The country's direct exposure to the Brexit fallout is "insignificant", according to the head of the government funded agency responsible for insuring exports.

Khalid Al Jashmi, acting general manager of Export Credit Guarantee Agency of Oman, (ECGAO) does, however, fear a weaker pound could cause problems with the Sultanate's existing trading partners.

Less than a week after Britain's decision to quit the European Union, financial analysts across the globe have been crunching numbers to assess potential risks and benefits.

Even media baron Rupert Murdoch has pitched in, believing that a weaker UK currency could put the UK in the driving seat economically.

It's a view shared by Al Jashmi, who warns that Oman's biggest trading partners might be tempted to exploit the weaker currency and trade with the UK instead of Oman.

The challenging scenario comes as officials revealed that slowdown of 25 per cent has been witnessed by the policy holders of the ECGAO in the first quarter of this year compared to the same period last year.

One said: "The problem of falling exports started before the end of 2015. Finance is the main reason for the exports falling."

Consequences

If the country's biggest trading partner, currently China, opts to head west, the consequences for Omani exports could be severe.

The total volume of exports to the UK is a mere 0.16 per cent of Omani export business, according to Foreign Trade Statistics Report 2015, as opposed to 49 per cent in export trade with China.

The UK stands at 34th position in terms of oil and non-oil exports from Oman.

Trading partners

"It's insignificant. Our major trading partners are China, UAE, South Korea and Taiwan. The Brexit poll results and the subsequent economic upheaval will have no direct bearing on the Sultanate," Khalid Al Jashmi told Times of Oman in an exclusive interview.

Oman's major exports to the UK include minerals, military grade cables, steel and batteries.

In 2015, goods worth OMR17,417,633 were exported to the UK, according to Foreign Trade Statistics Report 2015.

Export to China, however, stood at OMR5,304,689,889 in 2015. "If it's political turmoil in, say, India, or China or UAE, then Oman exports will be affected," Al Jashmi added.

"Indirect" repercussions, however, are already on his radar.

"For example, our leading business partners in certain areas may want to buy stuff from the UK, since the pound rate has gone down and things will be a little cheaper. Then it will start hampering us," he added.

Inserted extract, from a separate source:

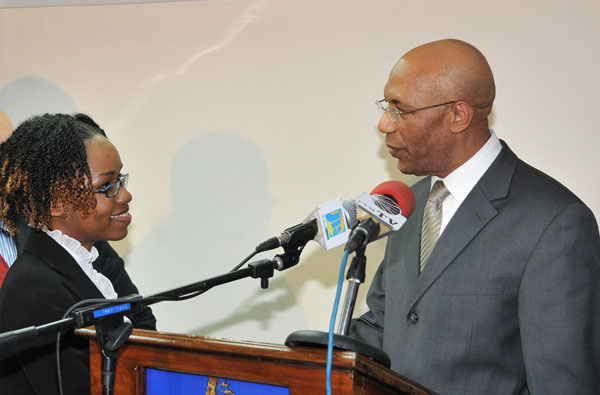 The Governor-General, His Excellency the Most Hon. Sir Patrick Allen, congratulates Alecia John who was named as the 2010 Rhodes Scholar during a ceremony held Friday (November 20) at King's House, Kingston.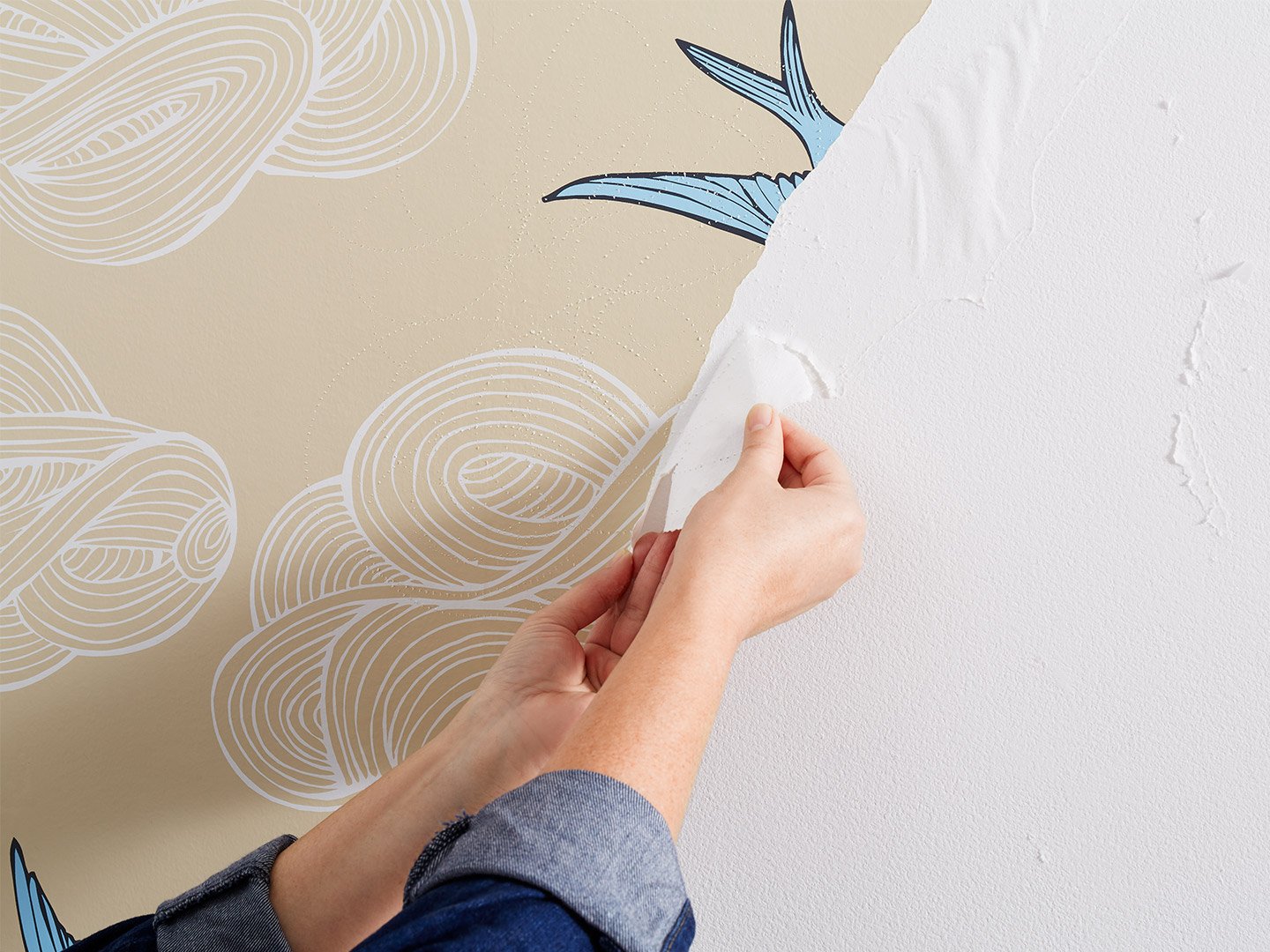 Two hands pulling beige wallpaper with white clouds and blue birds off a wall.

Officials also fear payment defaults may increase during the turmoil. "Hence the role of ECGAO is important, as the government's credit agency is responsible for promoting non-oil exports through its credit insurance, guarantee and financing services to exporters," another senior official of the ECGAO said.

Britain's exit

Some business leaders fear that Britain's exit from the EU is likely to impact Oman in multiple ways -- demand weakness on account of potential slowdown in the EU and the UK, volatility in commodity prices, currency impact on account of the potential depreciation of the euro and the pound, and balance sheet impact on account of exposure to unhedged overseas borrowings.

"We need to see how things go, then we can comment," said a businessman, who imports a huge quantity of cosmetics, stationary and toiletries every month to Oman, he said.